Celui-ci aussi, à l'instar de Laval, commencera véritablement son histoire en 14. Pourtant à cette époque, il est loin d'être jeune : il est même à 6 mois de la retraite quand la guerre éclate. 58 ans et toujours colonel - pas même général ... sa carrière est modeste, pour ne pas dire ratée.

Célibataire mais homme à femmes qu'il cueille dans les milieux bourgeois aussi bien que chez les professionnelles, il tranche sur ceux de sa génération par l'absence d'opinion politique affichée ce qui lui vaudra dans l'entre-deux-guerre la réputation d'être un des rares républicains dans un milieu de monarchistes invétérés. N'a-t-il en réalité aucune opinion ou se garde-t-il d'en faire état, toujours est-il qu'il sera tout particulièrement discret durant l'Affaire Dreyfus.

Il se fait remarquer durant les premiers jours de la guerre en Belgique et lors de la bataille de la Marne et passe ainsi en quelques mois du grade de colonel à celui de général de division dès septembre. Il brillera encore dans le secteur de l'Artois - qui est sa région - où son souci d'épargner la vie de ses soldats lui vaut une popularité - et bientôt une légende - qui finira d'assurer sa promotion. A l'heure des Foch puis des Nivelle, partisans de l'offensive à outrance, peu regardants sur le coût humain de leurs stratégies et qui passeront bientôt pour des bouchers, Pétain lui se fait tranquillement une réputation d'officier humain, proche de la troupe ce qui permettra de voir en lui bientôt un antidote efficace.
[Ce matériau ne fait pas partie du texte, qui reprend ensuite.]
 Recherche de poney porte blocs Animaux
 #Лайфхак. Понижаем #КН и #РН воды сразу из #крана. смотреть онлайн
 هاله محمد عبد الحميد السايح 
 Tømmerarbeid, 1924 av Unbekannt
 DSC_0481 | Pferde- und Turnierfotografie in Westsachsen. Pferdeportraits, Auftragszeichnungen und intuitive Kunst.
Sa définitive notoriété, il la devra à Verdun qui sera sa grande affaire.

Sans revenir sur le détail de cette bataille qui deviendra le symbole même de cette guerre, non pour son aspect décisif d'un point de vue stratégique mais au contraire pour sa dimension inhumaine et sa totale inutilité - 300000 morts ; 500000 blessés en dix mois pour un retour aux positions de départ - il est intéressant de souligner qu' l'apport de Pétain, lors de cet épisode, tint essentiellement à l'organisation qu'il aura su déployer : il réorganisa la défense par un renforcement de la défense, le réarmement des forts ; la logistique en faisant de la voie sacrée l'artère où transitera un flot continu de camions, d'armes, de munitions, d'ambulances ; l'artillerie enfin en se dotant d'une artillerie lourde directement placée sous ses ordres.
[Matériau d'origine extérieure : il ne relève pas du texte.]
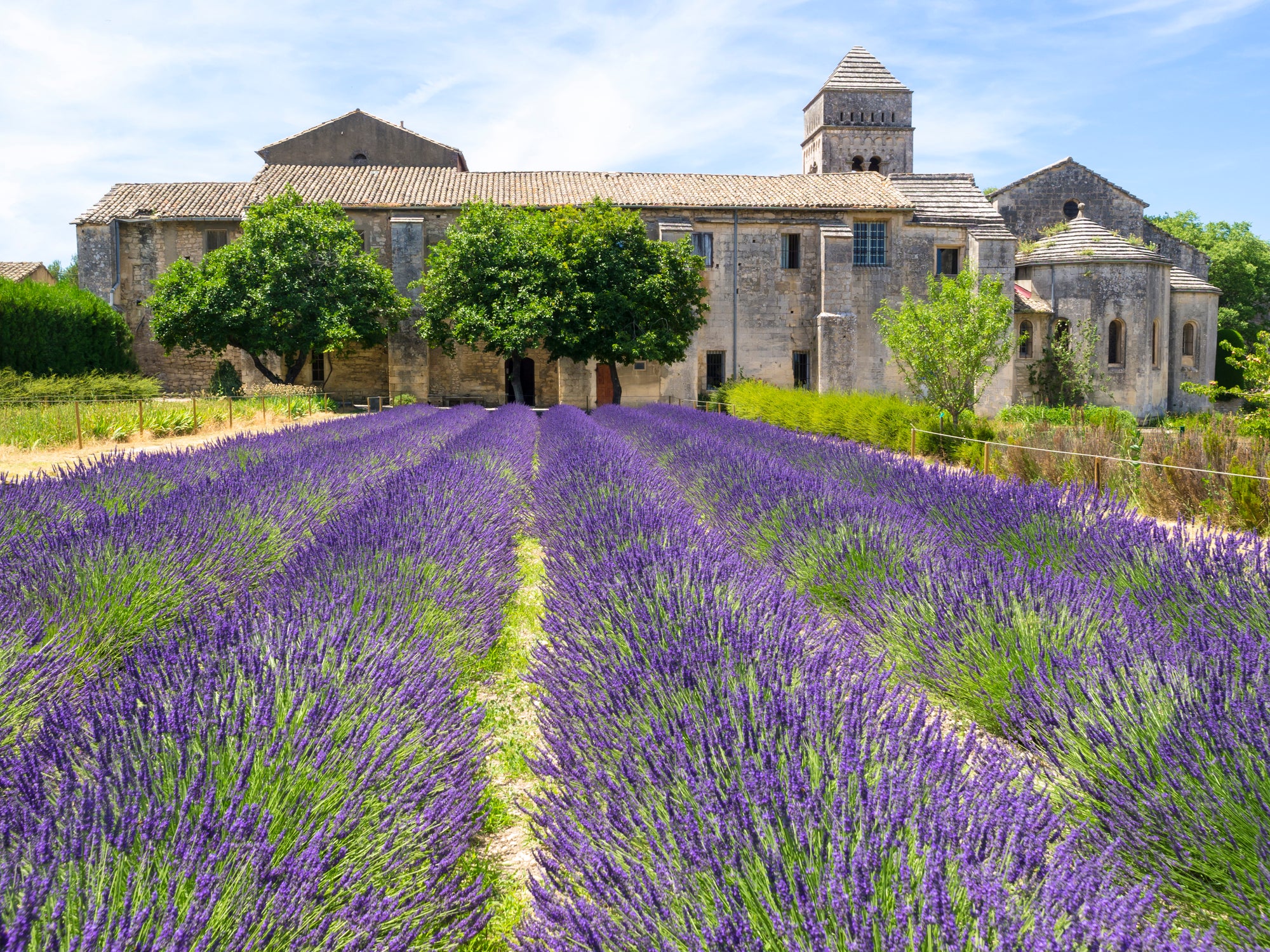 Vincent Van Gogh llega al monasterio de Saint Paul en mayo de 1889 en Saint-Remy de Provence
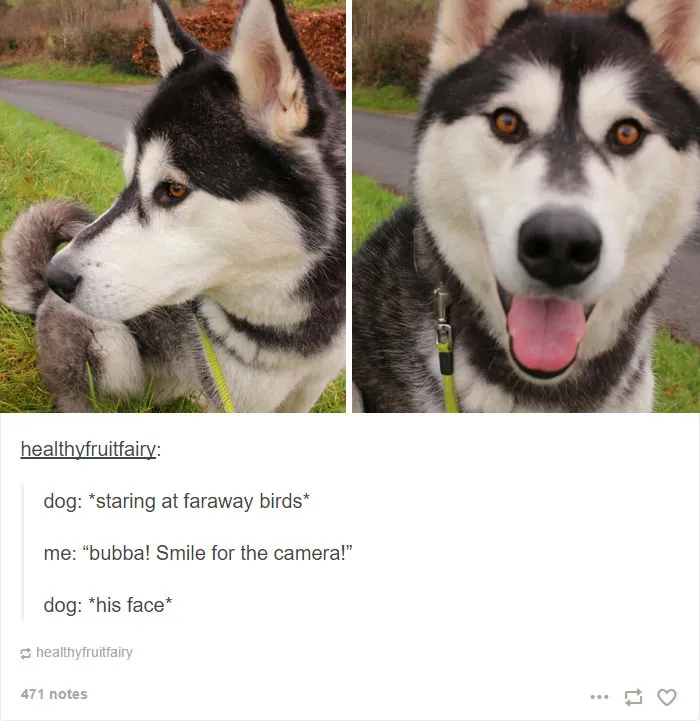 71 Of The Most Hilarious Posts About Huskies Ever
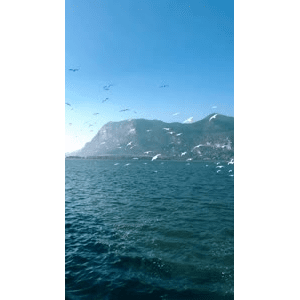 旅行风景5662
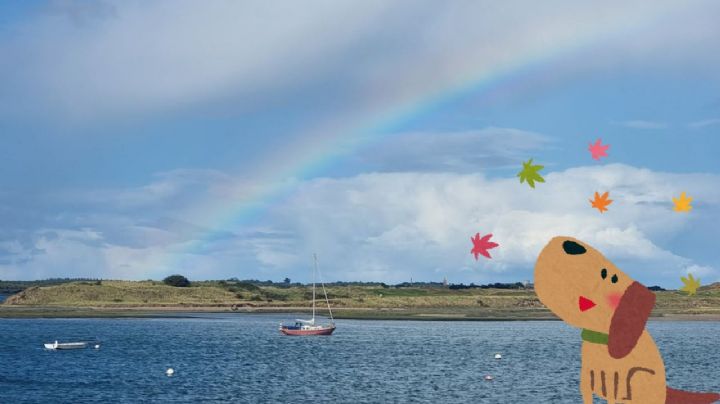 ¿Cómo se forman los arcoíris en el cielo?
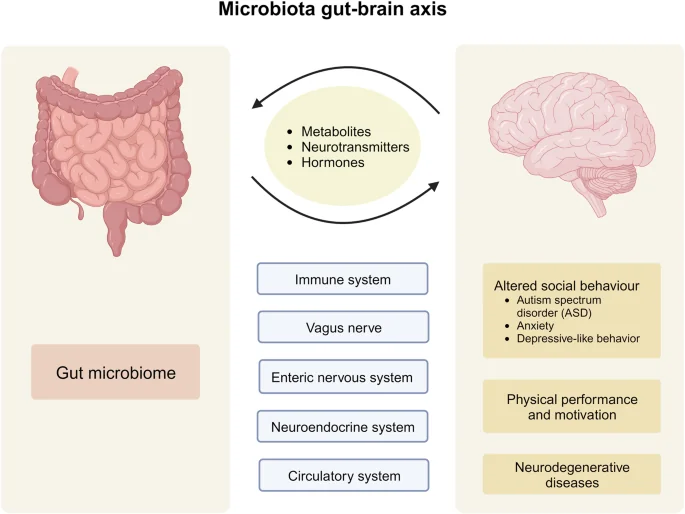 Schéma de l'axe microbiote-intestin-cerveau et ses applications thérapeutiques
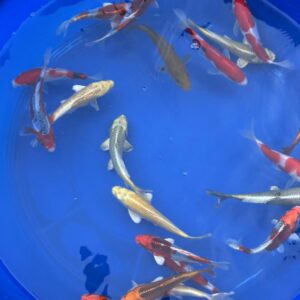4 Pack of Japanese Imported Tosai Koi 6 to 7 inch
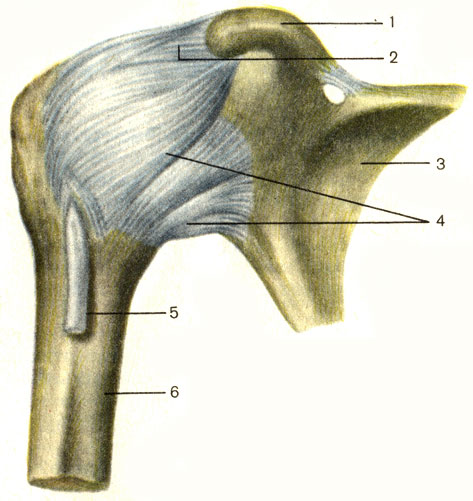 . 24.  ,  (, ). 1 -    (processus coracoideus); 2 - -  (lig. coracohumerale); 3 -  (scapula); 4 -   (capsula articularis); 5 -      ; 6 -   (humerus)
Mais Pétain n'est pas homme à offensives bien plutôt à défensive et Foch le trouve bien trop pessimiste. Il enverra donc Nivelle et Mangin. D'où curieusement deux lectures de cette bataille : celle, politique, qui fera de Nivelle et de Mangin les vainqueurs de Verdun, après la reprise des forts de Douaumont et de Vaux ; celle, populaire, des soldats qui en attribueront la gloire à Pétain. Deux explications suffisent à cela, outre le fait indéniable que la légende pétainiste de Verdun fut évidemment exacerbée durant les années Vichy : son invention du tourniquet qui faisait alterner rapidement les troupes en première ligne et qui fit que 70 des 95 divisions françaises se battirent à Verdun contribuant ainsi à faire de Verdun une bataille emblématique mais surtout était un moyen de soulager les hommes ; son souci constant d'épargner les hommes en face de quoi la morgue d'un Mangin ou de Nivelle constituera un contraste tranchant et décisif.

Nivelle y gagnera le titre de Commandement en chef des armées avec la mission explicite d'en finir avec la guerre d'usure et de position et d'en revenir à l'offensive à outrance. Ce sera le désastre du Chemin des Dames ; les mutineries qui offriront la grande revanche d'un Pétain, habile à traiter la délicate question des mutineries. IL y gagnera en mai 17 le commandement en chef des armées françaises. L'objectif est clair : redonner confiance aux troupes, en améliorer les conditions de vie autant que sanitaires et en finir avec l'image détestable de généraux bouchers peu soucieux de la vie des soldats mais uniquement de leur gloire militaire. Ce qu'il fera plutôt bien tout en réussissant au Chemin des Dames en octobre 17 en reprenant l'essentiel des positions perdues à moindre coût humain.

L'image de l'officier proche de la troupe, soucieuse de la vie de ses soldats est définitivement ancrée dans la légende. Si Foch ou Joffre seront adulés par les autorités, Pétain lui est un chef selon le coeur. Pour les poilus, et plus tard, pour les anciens combattants, le grand homme c'est lui et cela comptera évidemment beaucoup dans les événements de 1940 et le culte qu'on fera de lui dans les années vichystes.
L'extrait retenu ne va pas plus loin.